• **YOUR GOAL**
Copy out exactly the lines below that run from the one holding "Lace solid long" to the one holding "Aca-Lighting ΚΡΕΜΑΣΤΟ Φ/Σ", keeping both of those lines and no others.

• **ENTRIES SHOWN**
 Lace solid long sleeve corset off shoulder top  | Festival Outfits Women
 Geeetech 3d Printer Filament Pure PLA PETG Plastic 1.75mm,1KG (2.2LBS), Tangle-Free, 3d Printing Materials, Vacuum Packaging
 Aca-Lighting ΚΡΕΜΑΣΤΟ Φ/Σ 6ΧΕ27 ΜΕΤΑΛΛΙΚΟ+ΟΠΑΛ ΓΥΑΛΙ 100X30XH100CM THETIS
==
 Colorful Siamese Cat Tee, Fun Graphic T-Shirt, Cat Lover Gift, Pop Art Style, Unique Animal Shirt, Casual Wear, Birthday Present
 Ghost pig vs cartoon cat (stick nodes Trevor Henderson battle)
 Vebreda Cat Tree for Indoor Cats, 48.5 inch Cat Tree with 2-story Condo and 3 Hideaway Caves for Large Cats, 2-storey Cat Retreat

• **THE ANSWER**
 Lace solid long sleeve corset off shoulder top  | Festival Outfits Women
 Geeetech 3d Printer Filament Pure PLA PETG Plastic 1.75mm,1KG (2.2LBS), Tangle-Free, 3d Printing Materials, Vacuum Packaging
 Aca-Lighting ΚΡΕΜΑΣΤΟ Φ/Σ 6ΧΕ27 ΜΕΤΑΛΛΙΚΟ+ΟΠΑΛ ΓΥΑΛΙ 100X30XH100CM THETIS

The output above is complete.